Poor is living several years in the projects of Kentucky and remembering the boxes. The boxes of food from your mom’s church that comes extra big during the holidays, and normal during the rest of the time. Boxes of clothing donated by someone who’s kid just grew too big for them…”but it might fit your kids”.

I never understood why mom got so mad when I was young and absent mindedly lost my jackets. It’s just a jacket to a kid, but an extra expense to a lone mom. I know that now and wish I knew that then. Kids normally never really think they’re poor if there is food.

Poor is when you hope and dream of owning your own house and one day you hear about the programs, those HUD (housing and urban development) programs to get low income people to purchase housing.

Poor is buying a house and living the dream because the government might have helped you and that means it must be alright…right?

Then a rate is changed by the Federal Reserve, or the economy turns and that house that was a dream become another stone around your neck. You see the cost go up and up, and you hear the people screaming about those damned evil poor people who purchased houses they could not afford destroying the economy and you wonder how your dream could go away so fast.

Then the clock starts, you get the paperwork telling you that you need to move and those old feelings come back. Where do I live, where do I move, and why did it go bad so fast?

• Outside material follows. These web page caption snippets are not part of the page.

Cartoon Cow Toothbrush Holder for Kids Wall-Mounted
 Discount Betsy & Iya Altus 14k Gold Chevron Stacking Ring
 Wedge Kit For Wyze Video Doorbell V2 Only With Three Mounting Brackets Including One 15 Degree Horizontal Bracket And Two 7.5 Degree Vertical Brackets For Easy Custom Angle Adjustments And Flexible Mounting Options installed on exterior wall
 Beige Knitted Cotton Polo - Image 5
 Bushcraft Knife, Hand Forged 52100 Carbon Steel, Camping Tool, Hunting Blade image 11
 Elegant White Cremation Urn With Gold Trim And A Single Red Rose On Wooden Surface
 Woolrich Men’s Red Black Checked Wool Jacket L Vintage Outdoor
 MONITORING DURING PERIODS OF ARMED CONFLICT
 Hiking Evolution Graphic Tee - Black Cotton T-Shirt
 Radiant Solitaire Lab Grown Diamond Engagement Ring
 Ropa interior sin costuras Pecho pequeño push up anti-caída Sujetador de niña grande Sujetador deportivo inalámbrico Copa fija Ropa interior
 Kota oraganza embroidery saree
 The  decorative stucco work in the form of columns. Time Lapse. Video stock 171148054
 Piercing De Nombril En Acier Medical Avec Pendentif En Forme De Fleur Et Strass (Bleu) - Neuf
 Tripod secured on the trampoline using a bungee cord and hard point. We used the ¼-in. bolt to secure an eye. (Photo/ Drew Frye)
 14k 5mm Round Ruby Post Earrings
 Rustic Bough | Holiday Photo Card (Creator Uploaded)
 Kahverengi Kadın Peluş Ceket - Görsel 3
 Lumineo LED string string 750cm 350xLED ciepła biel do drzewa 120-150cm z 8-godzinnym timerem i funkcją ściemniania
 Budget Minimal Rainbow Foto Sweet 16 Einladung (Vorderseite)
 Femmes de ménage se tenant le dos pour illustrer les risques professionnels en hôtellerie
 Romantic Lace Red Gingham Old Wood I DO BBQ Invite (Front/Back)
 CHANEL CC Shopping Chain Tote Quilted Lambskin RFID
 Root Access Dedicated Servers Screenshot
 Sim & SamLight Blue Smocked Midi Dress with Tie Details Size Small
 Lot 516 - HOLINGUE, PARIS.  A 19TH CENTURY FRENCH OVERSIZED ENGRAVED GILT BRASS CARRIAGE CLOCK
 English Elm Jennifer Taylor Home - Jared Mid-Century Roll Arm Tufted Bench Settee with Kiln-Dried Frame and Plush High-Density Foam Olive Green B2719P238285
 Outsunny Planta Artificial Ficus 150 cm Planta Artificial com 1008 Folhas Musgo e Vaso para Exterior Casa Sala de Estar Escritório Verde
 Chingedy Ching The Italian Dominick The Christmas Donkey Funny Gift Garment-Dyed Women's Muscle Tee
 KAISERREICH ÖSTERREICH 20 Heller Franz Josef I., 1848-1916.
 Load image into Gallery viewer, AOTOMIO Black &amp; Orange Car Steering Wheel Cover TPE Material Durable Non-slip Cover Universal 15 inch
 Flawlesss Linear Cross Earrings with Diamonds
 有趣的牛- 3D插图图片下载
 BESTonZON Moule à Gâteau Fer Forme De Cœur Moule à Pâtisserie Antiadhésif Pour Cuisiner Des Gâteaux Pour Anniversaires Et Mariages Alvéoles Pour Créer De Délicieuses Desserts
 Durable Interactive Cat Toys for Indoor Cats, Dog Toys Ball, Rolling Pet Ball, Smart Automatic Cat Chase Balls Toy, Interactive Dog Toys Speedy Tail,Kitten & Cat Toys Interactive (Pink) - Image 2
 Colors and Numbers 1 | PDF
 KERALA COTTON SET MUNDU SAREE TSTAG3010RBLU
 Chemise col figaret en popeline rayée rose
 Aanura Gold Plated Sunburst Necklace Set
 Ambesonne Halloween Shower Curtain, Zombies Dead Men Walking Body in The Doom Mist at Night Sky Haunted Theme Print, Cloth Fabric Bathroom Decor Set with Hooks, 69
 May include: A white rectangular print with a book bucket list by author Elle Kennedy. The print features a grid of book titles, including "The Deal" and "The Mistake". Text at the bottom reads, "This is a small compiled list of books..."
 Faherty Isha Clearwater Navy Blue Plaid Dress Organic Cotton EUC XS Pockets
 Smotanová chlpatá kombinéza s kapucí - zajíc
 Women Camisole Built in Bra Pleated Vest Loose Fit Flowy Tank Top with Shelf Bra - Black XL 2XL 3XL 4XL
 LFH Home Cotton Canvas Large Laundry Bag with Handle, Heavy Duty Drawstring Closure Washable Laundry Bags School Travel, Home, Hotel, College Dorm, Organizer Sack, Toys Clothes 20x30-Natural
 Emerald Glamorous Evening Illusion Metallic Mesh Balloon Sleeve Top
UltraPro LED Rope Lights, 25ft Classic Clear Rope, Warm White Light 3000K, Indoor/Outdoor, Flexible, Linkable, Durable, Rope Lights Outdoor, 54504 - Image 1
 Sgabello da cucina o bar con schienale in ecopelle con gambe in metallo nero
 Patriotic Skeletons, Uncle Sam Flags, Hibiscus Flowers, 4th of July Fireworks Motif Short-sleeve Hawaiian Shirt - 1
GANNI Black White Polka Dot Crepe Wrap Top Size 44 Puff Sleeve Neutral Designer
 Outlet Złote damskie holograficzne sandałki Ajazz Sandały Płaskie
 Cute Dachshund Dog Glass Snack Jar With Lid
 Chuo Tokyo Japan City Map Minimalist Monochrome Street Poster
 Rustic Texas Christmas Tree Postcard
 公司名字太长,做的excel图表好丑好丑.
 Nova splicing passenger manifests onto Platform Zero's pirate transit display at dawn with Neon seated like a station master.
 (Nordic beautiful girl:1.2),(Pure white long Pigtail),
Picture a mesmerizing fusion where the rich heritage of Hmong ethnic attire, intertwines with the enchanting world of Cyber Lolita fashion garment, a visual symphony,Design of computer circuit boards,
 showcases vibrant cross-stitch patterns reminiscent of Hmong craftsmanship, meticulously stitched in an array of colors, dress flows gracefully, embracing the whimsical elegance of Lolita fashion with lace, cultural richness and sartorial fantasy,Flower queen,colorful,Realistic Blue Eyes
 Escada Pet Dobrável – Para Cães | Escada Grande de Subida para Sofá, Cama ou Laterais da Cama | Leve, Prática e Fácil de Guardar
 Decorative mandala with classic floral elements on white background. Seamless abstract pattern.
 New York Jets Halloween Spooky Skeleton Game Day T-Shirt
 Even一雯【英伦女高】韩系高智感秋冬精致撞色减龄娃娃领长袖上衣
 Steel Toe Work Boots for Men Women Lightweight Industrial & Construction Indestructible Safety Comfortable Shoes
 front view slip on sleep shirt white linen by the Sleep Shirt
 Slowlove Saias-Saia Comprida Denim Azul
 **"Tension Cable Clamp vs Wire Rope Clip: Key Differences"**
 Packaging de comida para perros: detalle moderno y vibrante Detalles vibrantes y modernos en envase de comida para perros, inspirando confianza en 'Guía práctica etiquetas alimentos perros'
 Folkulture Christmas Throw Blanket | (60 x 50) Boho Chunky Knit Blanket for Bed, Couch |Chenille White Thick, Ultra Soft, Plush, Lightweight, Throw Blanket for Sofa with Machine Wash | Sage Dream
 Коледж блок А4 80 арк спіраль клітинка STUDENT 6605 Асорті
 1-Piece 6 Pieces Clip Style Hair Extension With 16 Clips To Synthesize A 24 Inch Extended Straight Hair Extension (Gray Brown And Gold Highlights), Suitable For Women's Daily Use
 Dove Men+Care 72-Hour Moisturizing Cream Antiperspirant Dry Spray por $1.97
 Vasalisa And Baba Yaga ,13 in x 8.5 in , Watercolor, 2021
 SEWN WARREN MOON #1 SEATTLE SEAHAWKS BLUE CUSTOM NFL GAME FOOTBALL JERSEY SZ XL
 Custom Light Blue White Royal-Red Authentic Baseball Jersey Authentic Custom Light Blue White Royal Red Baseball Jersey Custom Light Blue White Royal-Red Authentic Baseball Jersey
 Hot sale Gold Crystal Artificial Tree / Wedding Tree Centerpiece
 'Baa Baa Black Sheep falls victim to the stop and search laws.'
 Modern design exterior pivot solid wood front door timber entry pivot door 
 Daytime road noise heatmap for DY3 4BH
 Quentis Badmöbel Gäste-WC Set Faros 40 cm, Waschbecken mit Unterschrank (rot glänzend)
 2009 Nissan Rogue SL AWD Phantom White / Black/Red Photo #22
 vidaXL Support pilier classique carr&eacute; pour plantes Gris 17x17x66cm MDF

You never knew you were so powerful, a member of a movement so strong as to bring down a whole market and ruin the economy of the worlds greatest super power. Maybe that poor person even laughed at their “power” as they shoved their kid’s toys into the empty cardboard box they picked up from behind the liquor store…the one not in Smyrna thank God.

I’m rather tired of people sitting down and laying the blame of the world on the ones who bought into a dream they could not afford. Unless you’ve lived at the bottom and found the only place to look is up, then don’t you dare look down in judgment on them. Maybe many did over reach when trying to grab the dream…but to give them the power to pull down a whole economy is foolish in the extreme.
Just something to think about.

7 comments:

Anonymous said...

Well written Gunner. Most describes my own childhood. I have to say though, a lot of poor decision making on my parents part that put us there.

However, when I think of a lot of these people that have contributed to 'bringing us down', it's buying the home they couldn't afford in the first place. I then think of people like my family today. I do not consider us poor or wealthy. We get by. We are like most American families that had the opportunity, after working and saving our money, to buy a home.
When we were told the range in which we could afford and we went shopping for that home, instead of going at the top of the price range and getting that two story with the two car garage, we instead went with the one level, one car garage. We knew we would probably still want to afford eating out, (or eating at all)maybe even a movie every now and then. A family vacation once in a while, not to mention those surprise visits to the auto repair man, and oh yea, the kids will probably want to go to college someday.
We tried living within our means by buying the house that would allow us to budget those things that we knew we would want to allow ourselves.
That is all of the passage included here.